[FFmpeg-user] Autolaunch FFMPEG when network traffic detected

Anthony Griffiths neuronetv at gmail.com
Mon Jul 23 12:50:33 EEST 2018


need more info.
what do you mean exactly when you say "as soon as it receives a
stream".. Please give more details of your whole setup ie: the
operating system yr using and more.

On Fri, Jul 20, 2018 at 2:24 PM, Yannick Barbeaux <ybarbeaux at gmail.com> wrote:
> Thank you Anthony.
> How do you fill the log file? With iptables? Could you give me an example ?

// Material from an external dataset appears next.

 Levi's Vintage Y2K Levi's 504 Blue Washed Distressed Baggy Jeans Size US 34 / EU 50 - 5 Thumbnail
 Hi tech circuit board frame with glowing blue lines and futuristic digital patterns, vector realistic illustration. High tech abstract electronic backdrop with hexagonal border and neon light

> (I guess you use the limit and burst options to avoid geting huge log
> files?)
>
>
> On 20 July 2018 at 14:46, Anthony Griffiths <neuronetv at gmail.com> wrote:
>
>> On Fri, Jul 20, 2018 at 11:55 AM, yannickb <ybarbeaux+ffmpeg at gmail.com>
>> wrote:
>>
>> > Hi,
>> >
>> > I am trying to build a *headless encoder* that would *autostart*
>> streaming
>> > with *ffmpeg* as soon as it receives a stream on a given port (let's say
>> a
>> > MPEG-TS stream on UDP/3000) and output it to a blackmagic SDI output.

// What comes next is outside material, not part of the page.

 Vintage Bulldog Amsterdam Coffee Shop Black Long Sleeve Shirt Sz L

>> > I don't mind if some packets are lost before ffmpeg is triggered.
>> > I would also like ffmpeg to stop when the stream ends.
>> >
>> > I have thought about various possibilities:
>> >
>> > 1- Using *port-knocking* (knockd) to trigger ffmpeg when the right ports
>> > combination is detected. The problem is that the devices that generates
>> the
>> > incoming stream are hardware encoders so they cannot knock pre-defined
>> > ports
>> > before sending traffic. One solution could be to use the trigger
>> > sequence=3000:udp,3000:udp,3000:udp
>> > That could work but how would it stop ffmpeg automatically?
>> >
>> > 2- *Monitor syslog* and detect iptables log on the given port (like
>> > fail2ban)
>> >
>> > In both cases, my log files might get huge if all my UDP streaming
>> traffic
>> > is logged, I might play with the iptables burst option to limit logging.
>> >
>> > 3- I was suggested to use *xinetd* (formerly inetd), the super-server
>> that
>> > can launch services when traffic is detected on given port. At first, it
>> > seems like the perfect solution and it almost worked.

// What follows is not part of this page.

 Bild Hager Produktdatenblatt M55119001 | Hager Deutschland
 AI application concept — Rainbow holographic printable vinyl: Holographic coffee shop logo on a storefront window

>> > In this configuration, the port is in use by the xinetd daemon so ffmpeg
>> > cannot use it as an input directly :
>> > /ffmpeg -i udp://localhost:3000 (...)
>> > -> [udp @ 0x1de60a0] bind failed: Address already in use
>> > udp://localhost:3000: Input/output error/
>> >
>> > indeed, /netstat -naptu/ returns:
>> > / udp 0 0 0.0.0.0:3000 0.0.0.0:*  xinetd/
>> >
>> > After some research, I found out that xinetd redirects the captured
>> traffic
>> > to stdout. So, the script launched by xinetd must look like :
>> > /cat - | /usr/local/bin/ffmpeg -re -i pipe:0 (...)/
>> >
>> > it almost works but the image is garbled and ffmpeg outputs many errors
>> > (error while decoding MB 67 26, bytestream -6, PES packet size mismatch,
>> co
>> > located POCs unavailable, Invalid data found when processing input, ...)
>> >
>> > I'm sure the UDP stream itself is not the problem : when I stop xinetd
>> and
>> > launch ffmpeg manually it works perfectly:
>> >  /ffmpeg -i udp://localhost:3000?fifo_size=1000000 -muxdelay 30
>> > -muxpreload
>> > 30 -maxrate 4096 -bufsize 10000k -pix_fmt uyvy422 -s 720x576 -r
>> 25000/1000
>> > -c:a pcm_s16le -ar 48000 -ac 2 -f decklink 'DeckLink SDI 4K'/
>> > So I guess the xinetd pipe must be the problem. Does the pipe with ffmpeg
>> > needs a kind of rate control or something like that? Anyone has ever
>> tried
>> > that?
>> >
>> > Any other clue or solution would be really appreciated.
>> >
>> > Thank you
>> > _______________________________________________
>> >
>>
>> this can be achieved using monit. Monit's job is to watch a log file and it
>> can trigger a command when it sees a particular string in the log. I use
>> monit to restart a live ffmpeg stream whenever it goes down.